The Art of Experiential Selling

5 minute read

The product demonstration (product demo) is an essential part of the B2B sales process. 58% of enterprise software buyers cited the “product demonstration” as the top call to action they would respond to in a marketing campaign. The product demo is the first opportunity the buyer has to visualize the value of a product with concrete examples and use cases. In a sales world where software buyers are inundated with abstract claims about product business value, the product demo is a golden opportunity for software sellers to stand out with real, tangible results.

So what is experiential selling?

A strong demo enables prospective buyers to visualize how a solution fits into their business and meets their unique challenges. Typically, a product demo consists of a sales rep or technical sales engineer walking a prospect through a product tour either face-to-face or on a virtual screen share. However, the product demo is traditionally a one-directional experience. This “show and tell” method leaves a prospect off to the side while a sales representative presents a product overview.

While the prospect can stop and ask questions, they are watching rather than experiencing the product demonstration. This difference is key. Watching a sales engineer click through a demo environment over a screen share is not the same as exploring a product first-hand.

Experiential selling puts your prospect in the driver seat to explore various components of an application at their own speed.

Software buyers are curious. The reason they requested a demo to begin with was to understand how a product works for their unique use case.

Prospect Engagement, Like Never Before

In a largely virtual selling world where video calls dominate our calendars and limited time, attention is a rare commodity. Let’s face it, when a prospect is on a video conference with a seller starting the product demo and an important email comes through their inbox, most prospects will open that email taking their attention away from the product overview.

Participation is a two-way street.

Actively engaging a prospective buyer in a virtual environment is a challenge that software sales teams face daily. Pausing for questions is one strategy to ensure that a prospect is actively involved in a conversation. However, that pressing email is still top of mind.

Experiential selling is a forcing function to put a prospect in a position where they are actively engaged with an interactive and exciting product experience.

How does this work?

Experiential selling is not a one-size fits all solution to the product demo. Depending on the type of product and standard buying cycle, there are different ways to engage your prospect through interactive experiences.

What Experiential Selling Isn’t

Experiential selling is not a proof-of-concept.

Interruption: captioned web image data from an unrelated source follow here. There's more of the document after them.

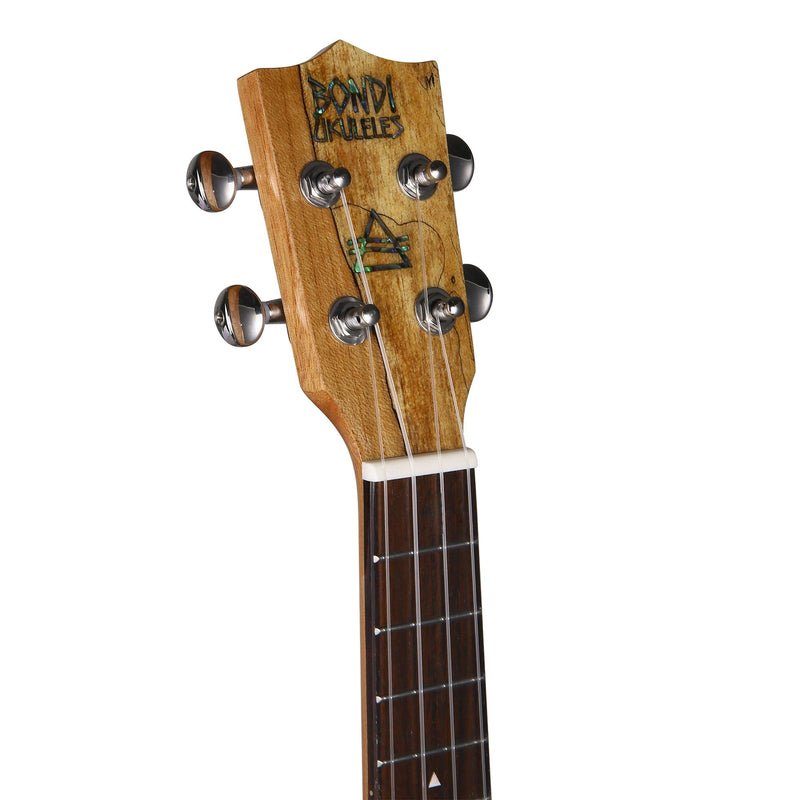 Bondi Spalted Maple Concert Ukulele Left Handed
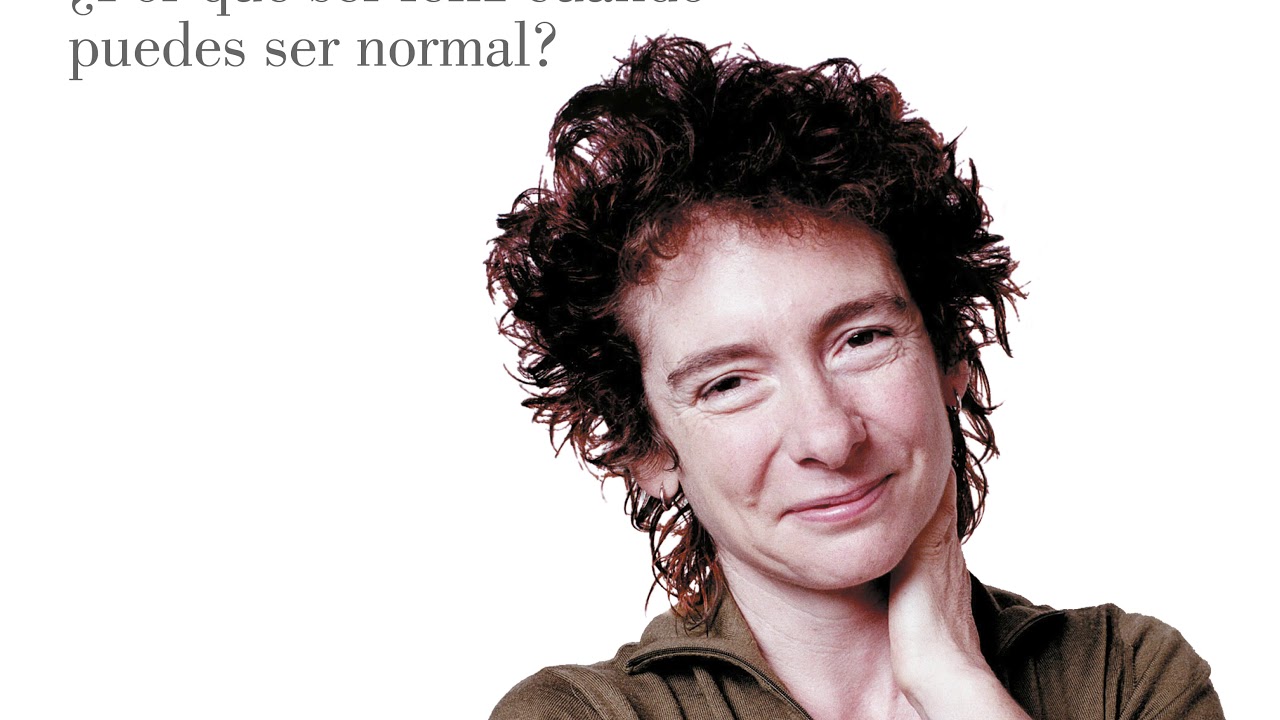 porque ser feliz cuando puedes ser normal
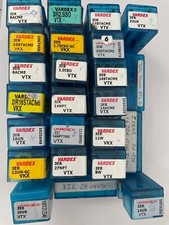 Vardex threading inserts for sale  PRESCOT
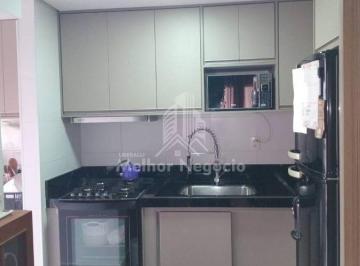 Apartamento · 55m² · 1 Quarto · 1 Vaga · Apartamento à venda com 2 quartos (1 Suíte), Santa Bárbara D'Oeste/SP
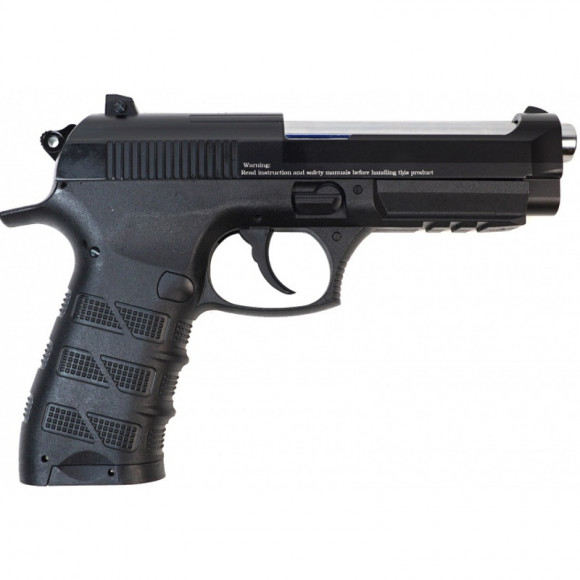 Пневматический пистолет Ekol ES P92 B Black (металл, blowback) к.4.5мм 3 Дж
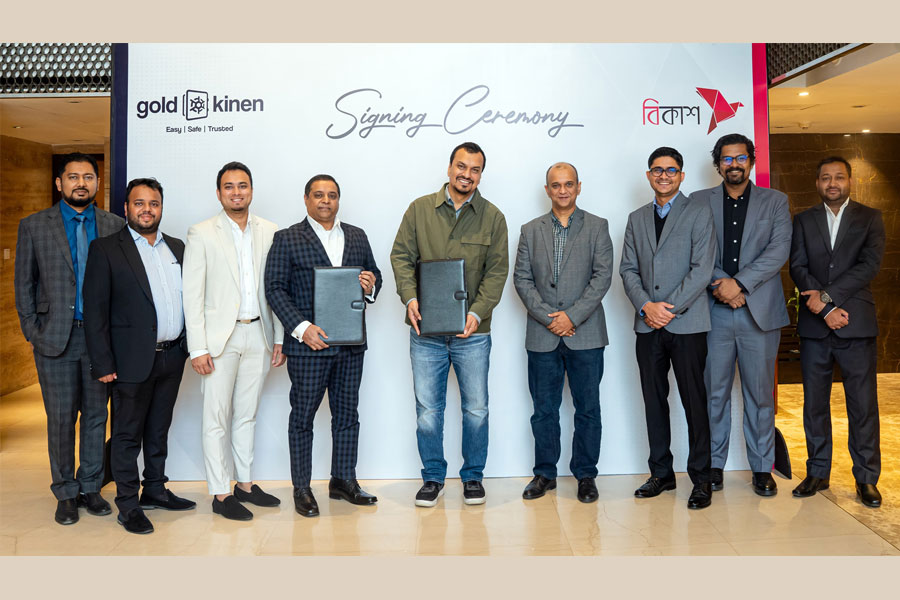 Customers can buy and store gold through bKash payment from ‘Gold Kinen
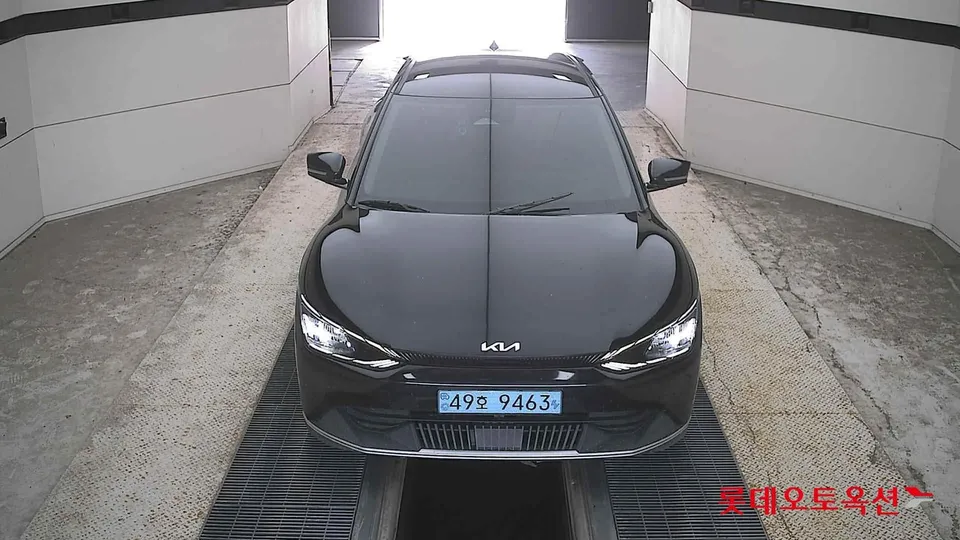 2022 Kia EV6, VIN KNAC281BFNA019460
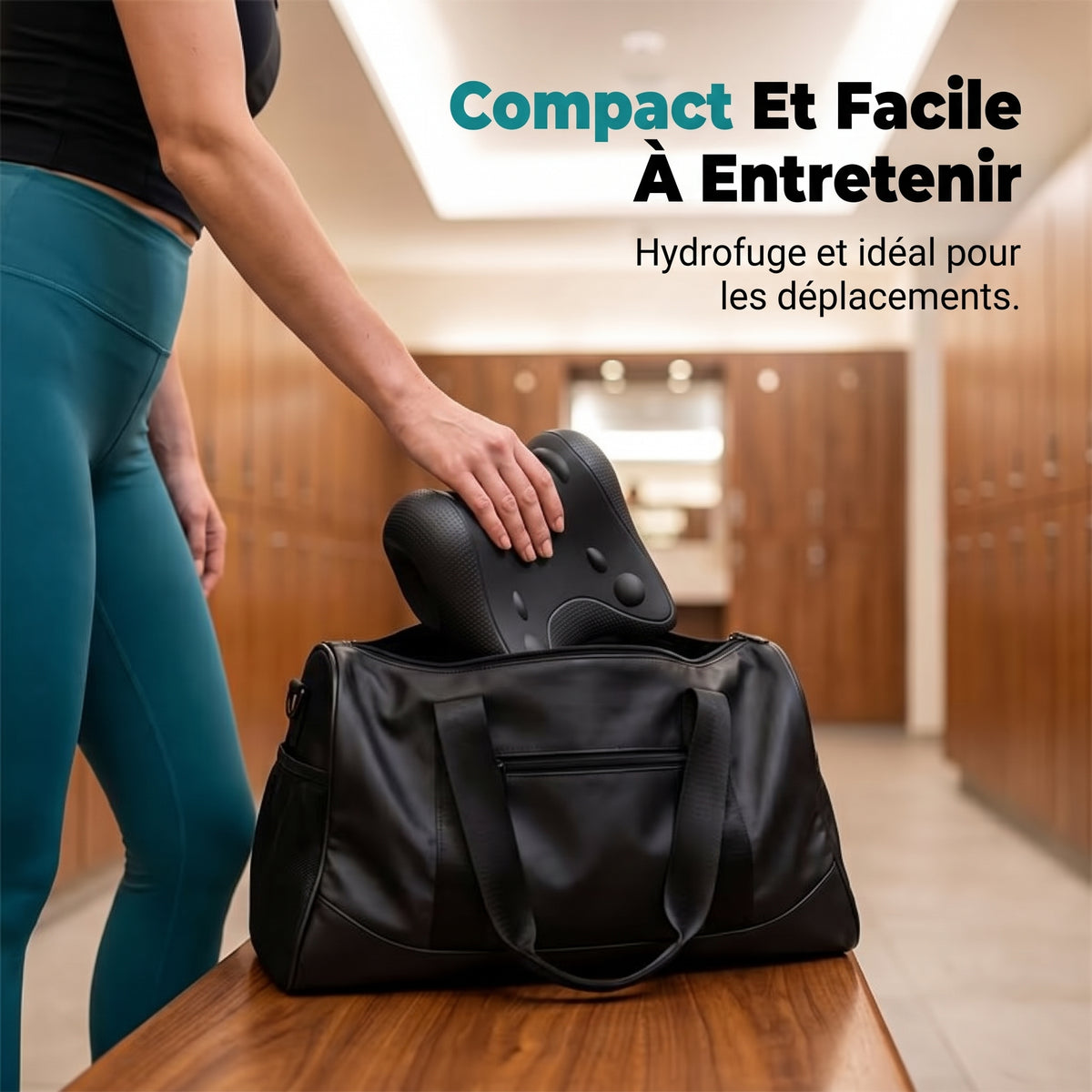 NeckSoothe – Le support ergonomique de relaxation par gravité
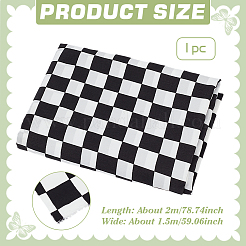 Tartan Pattern Polyester Fabrics&nbsp;DIY-WH0060-11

A proof of concept (POC) is a time intensive commitment a sales team makes in the buying cycle. A vendor organization must engage a sales resource and technical product expert to engage with a prospect to capture requirements and train a user on a tool before hanging over the keys to the POC. This time requirement is often not practical for SMB or mid-market deals.

Experiential selling is not a trial.

A limited sandbox trial or lite version of an application is a method to engage a prospect with a tool prior to advancing with the sale. However, traditional product trials drop prospects into an empty environment, often without instructions on how to navigate throughout the platform.

Experiential selling is a strategy that supports the presales process. Sales teams need to be cautious that an experiential selling session does not turn into a product training. The intent of experiential sales is to close the deal. The onboarding and training will come later.

experiential selling diagram

Who Can Utilize Experiential Selling?

Experiential selling supports the following persona groups:

  • Account Executives - Power organizational champions with engaging material to share with internal stakeholders for buy-in
  • Product marketing - Build new leads with engaging early customer content using “offline” product demos
  • Technical Presales & Sales Engineers - Put your prospect in the driver seat throughout the product demo process to gain natural buy-in and product understanding

Experiential selling is a tactic employed by sales teams to better engage prospective customers with hands-on product experience earlier in the buying cycle. It scratches the itch to engage with a product without needing to roll out a full POC or product trial. Experiential sales tactics help keep prospects active, engaged, and in the driver’s seat throughout the buying cycle.